## HOW TO COMPLETE THIS TASK
Your output should be the lines from the start of the data through the line containing "5353 Airport Highway 21, Maxwell, TX 78656", exactly and nothing more.

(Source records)
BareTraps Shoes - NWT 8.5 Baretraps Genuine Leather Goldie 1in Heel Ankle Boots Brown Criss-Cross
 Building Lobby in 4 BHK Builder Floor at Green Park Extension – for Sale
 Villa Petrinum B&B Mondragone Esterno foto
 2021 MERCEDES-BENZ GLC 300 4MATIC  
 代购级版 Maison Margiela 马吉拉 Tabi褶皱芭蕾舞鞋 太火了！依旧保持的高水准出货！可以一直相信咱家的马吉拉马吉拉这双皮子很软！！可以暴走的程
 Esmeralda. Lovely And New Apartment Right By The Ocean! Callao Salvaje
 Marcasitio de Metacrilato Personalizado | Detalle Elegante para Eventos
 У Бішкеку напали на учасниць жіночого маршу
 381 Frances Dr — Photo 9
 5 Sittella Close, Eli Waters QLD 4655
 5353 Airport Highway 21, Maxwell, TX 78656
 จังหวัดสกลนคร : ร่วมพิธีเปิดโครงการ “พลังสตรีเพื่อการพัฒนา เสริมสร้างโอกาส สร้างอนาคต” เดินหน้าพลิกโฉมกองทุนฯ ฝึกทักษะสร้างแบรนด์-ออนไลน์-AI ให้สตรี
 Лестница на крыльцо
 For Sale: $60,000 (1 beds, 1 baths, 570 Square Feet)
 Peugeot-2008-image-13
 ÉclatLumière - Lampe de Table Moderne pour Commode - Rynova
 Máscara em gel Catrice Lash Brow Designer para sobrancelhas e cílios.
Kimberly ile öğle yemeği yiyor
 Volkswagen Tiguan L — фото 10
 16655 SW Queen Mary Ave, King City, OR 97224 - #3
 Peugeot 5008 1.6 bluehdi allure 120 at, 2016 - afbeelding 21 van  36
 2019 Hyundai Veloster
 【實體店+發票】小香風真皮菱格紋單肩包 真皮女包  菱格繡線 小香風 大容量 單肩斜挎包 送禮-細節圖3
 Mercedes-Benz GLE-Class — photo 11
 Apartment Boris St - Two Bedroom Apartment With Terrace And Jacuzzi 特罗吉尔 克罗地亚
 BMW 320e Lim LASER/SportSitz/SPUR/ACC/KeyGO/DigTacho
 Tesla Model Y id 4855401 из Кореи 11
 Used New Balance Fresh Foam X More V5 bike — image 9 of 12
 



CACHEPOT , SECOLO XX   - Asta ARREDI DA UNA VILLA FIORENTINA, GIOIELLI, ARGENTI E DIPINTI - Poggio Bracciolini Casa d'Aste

## YOUR SOLUTION
BareTraps Shoes - NWT 8.5 Baretraps Genuine Leather Goldie 1in Heel Ankle Boots Brown Criss-Cross
 Building Lobby in 4 BHK Builder Floor at Green Park Extension – for Sale
 Villa Petrinum B&B Mondragone Esterno foto
 2021 MERCEDES-BENZ GLC 300 4MATIC  
 代购级版 Maison Margiela 马吉拉 Tabi褶皱芭蕾舞鞋 太火了！依旧保持的高水准出货！可以一直相信咱家的马吉拉马吉拉这双皮子很软！！可以暴走的程
 Esmeralda. Lovely And New Apartment Right By The Ocean! Callao Salvaje
 Marcasitio de Metacrilato Personalizado | Detalle Elegante para Eventos
 У Бішкеку напали на учасниць жіночого маршу
 381 Frances Dr — Photo 9
 5 Sittella Close, Eli Waters QLD 4655
 5353 Airport Highway 21, Maxwell, TX 78656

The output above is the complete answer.